From: How the pilidium larva grows

Figure 6

Relative positions of axillary sites in the pilidium. Left: diagrammatic pilidium in side view; apical organ (ao) and episphere (ep) up, lappets (la) down, primary ciliated band (pcb) defining larval margin. Inside are stomach (st) and buccal funnel (bf), divided from exhalant gutter (ex) by buccal ciliary ridges (br).

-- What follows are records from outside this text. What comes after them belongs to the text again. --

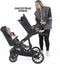 Deryan Evy V2 Kinderwagen - Duo Kinderwagen - Uitbreidbaar - Inclusief extra zitje - Zwart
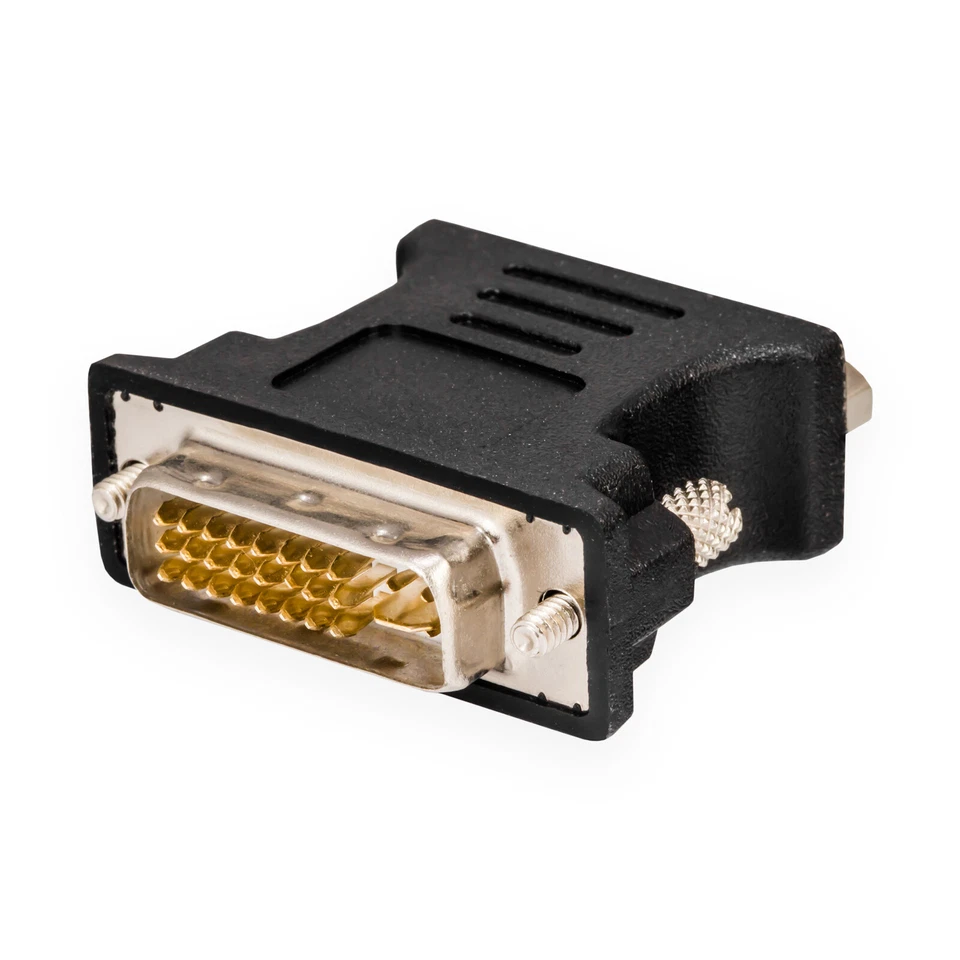 DVI zu VGA Adapter Digital auf Analog DVI-I PC TFT Buchse Stecker 24+5 Monitor - Bild 4 von 4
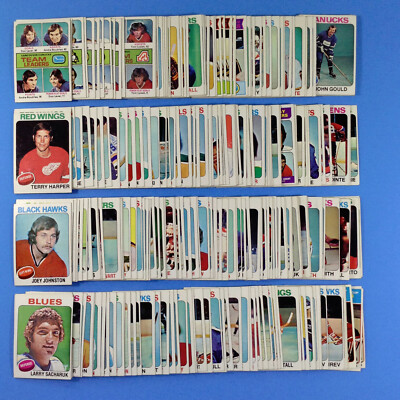 1975-76 Topps Hockey Cards Stars Commons Rookies U-Pick Hockey Cards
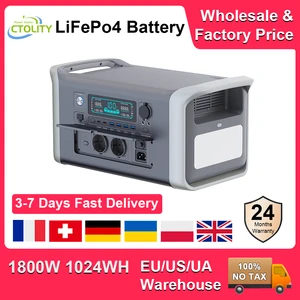 1024WH Portable Energy Station, LIFEPO4, 1800W, 220V, solar generator, power storage, 1600W, 110V, backup, powerbank, camp, fish 8 Main Sales Power Accumulator 220V - №4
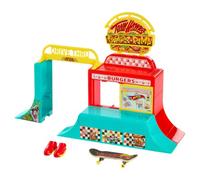 Hot Wheels Skate Coffret Burger Spot avec fingerboard et chaussures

Colored patches indicate axils, both outer (bold) and inner (faded), in the anterior (green), posterior (blue), and, hypothetically, at the end of the buccal ciliary ridges (purple). Darker circles within axils indicate those which give rise to imaginal discs. The fact that the hyposphere of the pilidium is almost entirely folded into the episphere at gastrulation obscures the relationship between axils; therefore, to the right we invite readers to imagine a spherical pilidium, that is, as if the blastocoel were inflated. Once the hyposphere is thus everted, such that the entire contiguous ectoderm and endoderm are laid out upon the surface of a sphere, the symmetry of the relation between anterior and posterior axils with respect to ciliated band and imaginal rudiments becomes plain. Again, the question mark indicates a hypothetical axil at the end of the buccal ridges; the cerebral organ discs originate at the end of the buccal ridges, and we detect both label dilution (Figure 1B, C) and BrdU incorporation (Figure 3A, B arrowhead 2, also Figure 3C) in these areas, but we have not spotted the expected population of uniciliated cells beneath the dense ciliation where the inner band of the lappets meets the end of the buccal ridges.